Existen muchos motivos para hacer daño, se puede herir a alguien por maldad, egoísmo o dejadez, y también podemos hacerlo sin mala intención, por ignorancia o por habernos dejado llevar por un mal consejo; sin embargo, lo segundo no debería impedirnos asumir las consecuencias de nuestros actos. Un niño no sabe si su madre o su padre le ha dado un azote porque quiere que sufra, porque ha tenido un mal día y lo está pagando con él o porque cree que es una forma efectiva de resolver un conflicto; sea cual sea la razón, ese azote le va a doler igual (por si no se me entiende, me refiero al daño emocional que causa una agresión física cometida por una persona que debería cuidarte y protegerte, así que no me vale el  no hace daño si se les da flojito).

Todas las posturas son respetables: ni hablar.
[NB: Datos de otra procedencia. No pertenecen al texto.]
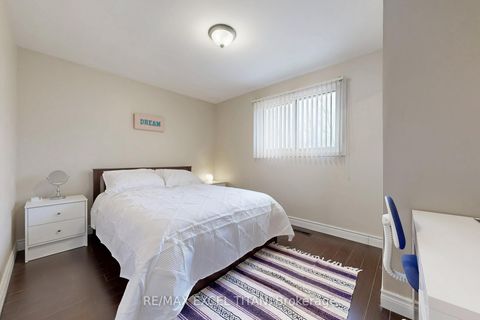 Photo 12 at 251 Shawnee Circle, Pleasant View, Toronto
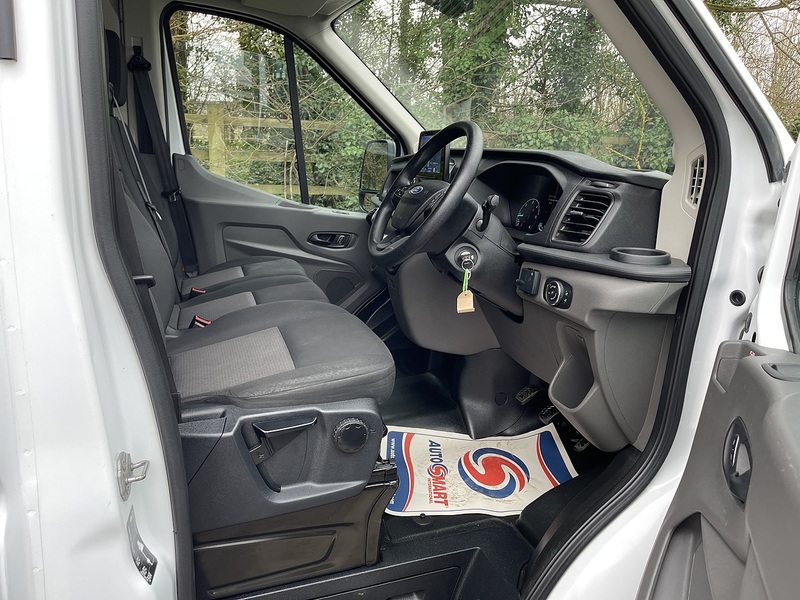 Ford Transit 2.0 350 EcoBlue MHEV Leader RWD L4 H3 Euro 6 (s/s) 5dr - U691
Simplemente no es igual de respetable atender a un niño que se despierta por la noche que dejarle llorar, no es igual dar el pecho que el biberón (a este respecto, quiero matizar que me refiero más bien a negarse a dar el pecho, no a intentarlo y no conseguirlo por el motivo que sea), no es igual dialogar con un niño que soltarle un guantazo, no es igual quedarte con tu bebé que dejarle al cuidado de familiares para irte de viaje de pareja y un largo etcétera.
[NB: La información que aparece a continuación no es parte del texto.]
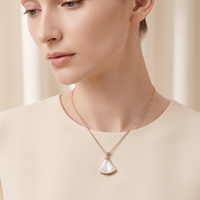 قلادة المروحة الصدفية المصنوعة من الفولاذ المقاوم للصدأ من Signature Jewelry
Mientras sea legal, cada cual es muy libre de adoptar la postura que le dé la real gana, pero por favor, que no me digan que da lo mismo una cosa que la otra. Tengamos claro lo que es el respeto: respetar significa  no hacerle a los demás lo que no queremos que nos hagan a nosotros, no es quedarse callado ante una injusticia para no ofender al que la comete.
Faltar el respeto es insultar o descalificar a una persona, se lo merezca o no; decir una verdad que escuece, o explicar que la postura contraria está cientifícamente demostrada no es necesariamente irrespetuoso (aunque posiblemente dañino para el ego de quien lo escucha), y rasgarse las vestiduras al grito de no soy mala madre por ello me parece una reacción sumamente infantil y desproporcionada: resulta que el que más ofendido se siente es precisamente el que menos razones tiene para sentirse así.
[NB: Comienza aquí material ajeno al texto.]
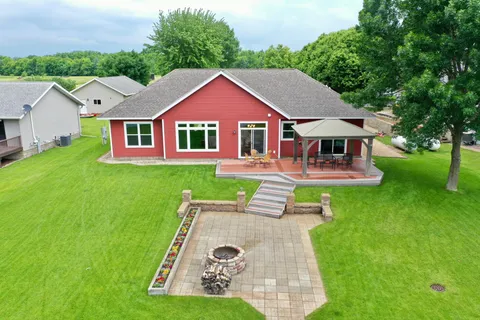 $625,000 | 4631 141st Avenue Northeast, Spicer, MN 56288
Las posturas reñidas con el respeto simplemente no son respetables, así de claro.

Los extremos no son buenos: depende. En algunas cosas no valen las medias tintas, y en los ejemplos que vengo arrastrando a lo largo de toda la entrada, un término medio es imposible de alcanzar al tratarse de posturas irreconciliables: o respetamos al niño o no le respetamos, en el mismo instante en que condicionamos este respeto a las circunstancias (le atendemos pero solo en horario laboral, le cogemos en brazos pero solo cuando nos apetezca a nosotros, solo le pegamos cuando lo demás no funciona) se lo estamos faltando.
El término medio no siempre es lo más sensato y saludable, personalmente pienso que cuando está en juego la dignidad de una persona, tenga la edad que tenga, más vale irse al extremo. Lo contrario, equivaldría a decir que entre no ser racista y unirse a una célula del Ku Klux Klan hay que buscar un término medio, por ejemplo ser racista pero solo con determinadas etnias.
Visto así, queda claro, pero si lo trasladamos a la infancia ya se desdibuja todo en favor de las diferentes opciones educativas para buscar una escala de grises donde solo existen el blanco y el negro.

En conclusión, no pretendo convencer ni evangelizar a nadie, me limito a dar mi opinión (igual de discutible y prescindible que cualquier otra) desde mi madriguera virtual. Soy consciente de que mi voz no tiene el poder de cambiar nada, pero mi voz unida a otras puede formar un coro o un multitudinario grito de protesta capaz de cambiar el mundo.